Work item
Here the job is to copy the data exactly and to exclude every image from it.
Data segment section start
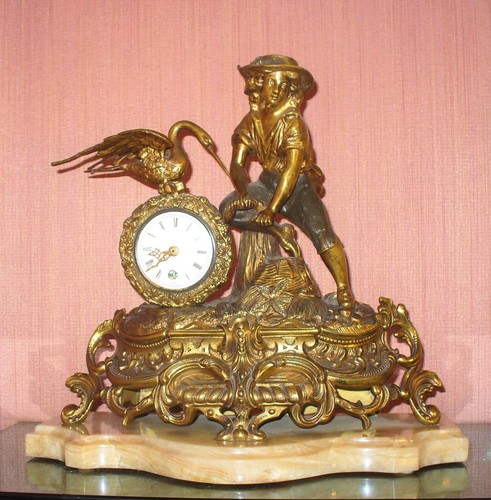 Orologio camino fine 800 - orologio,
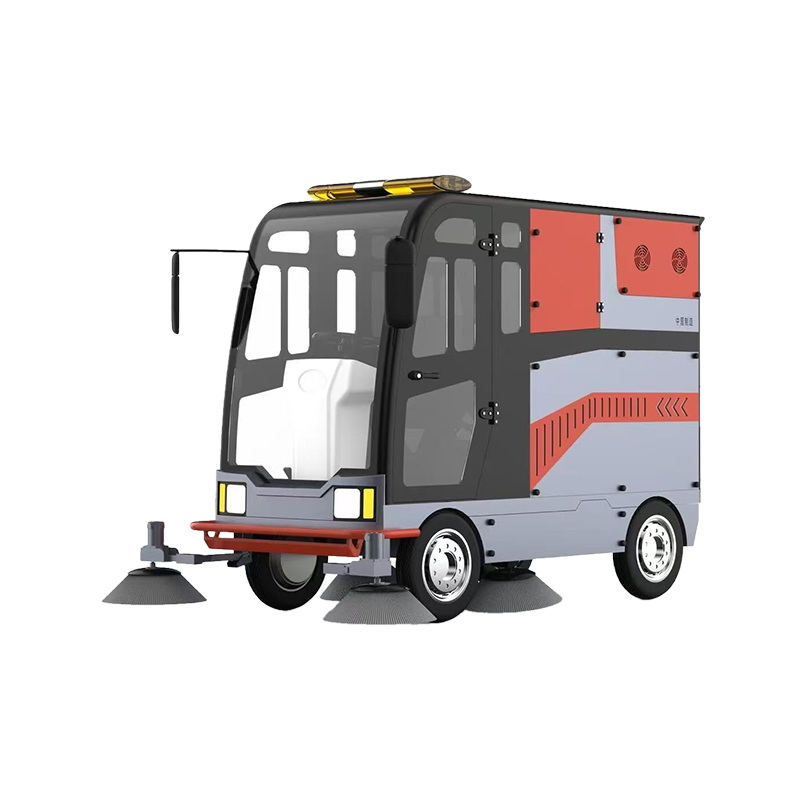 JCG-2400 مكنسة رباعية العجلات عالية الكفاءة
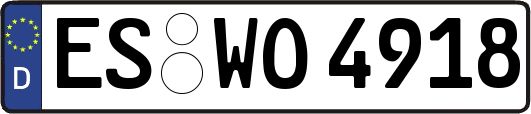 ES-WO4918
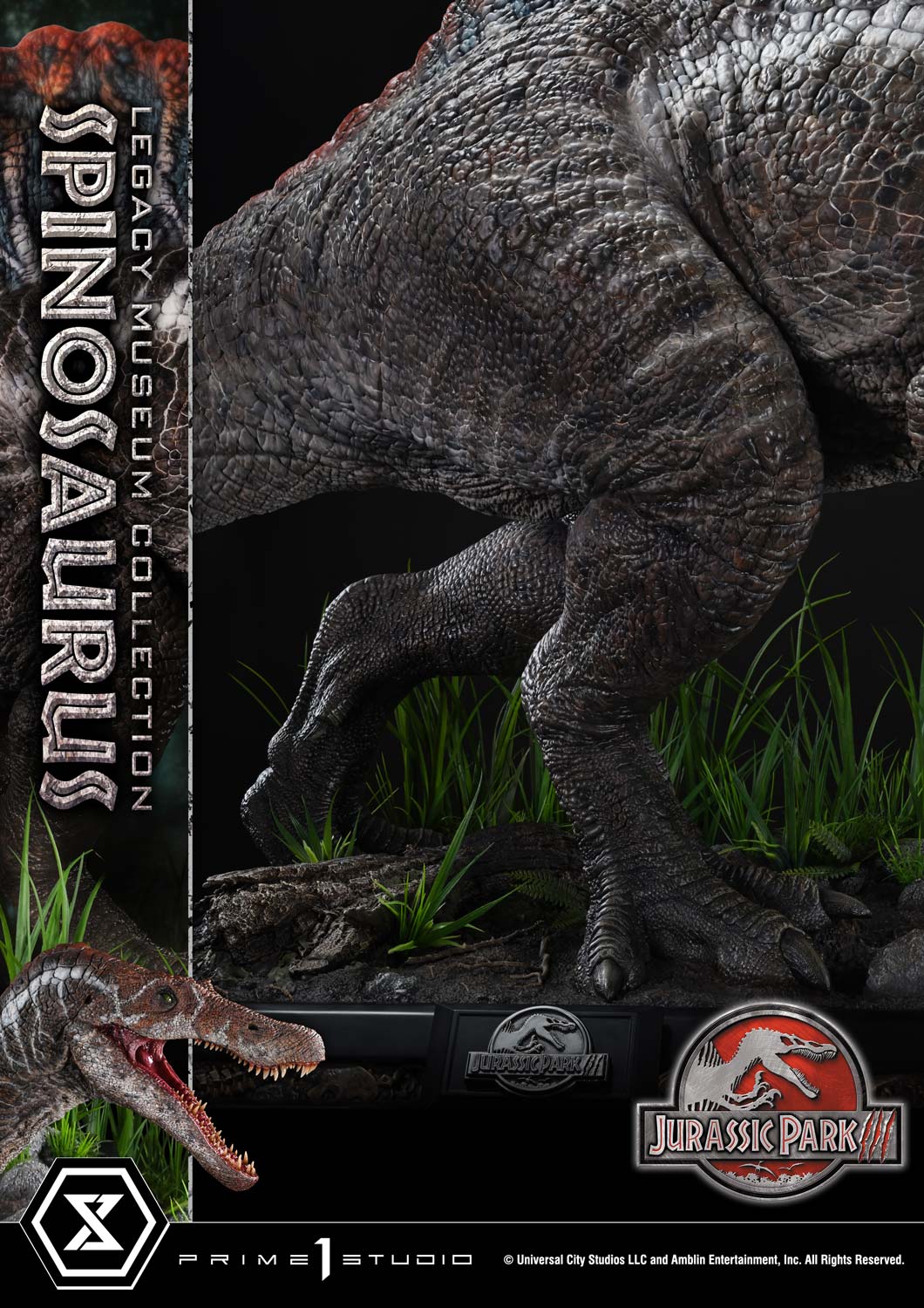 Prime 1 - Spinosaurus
Data segment section end
Problem solution
 Orologio camino fine 800 - orologio,
 JCG-2400 مكنسة رباعية العجلات عالية الكفاءة
 ES-WO4918
 Prime 1 - Spinosaurus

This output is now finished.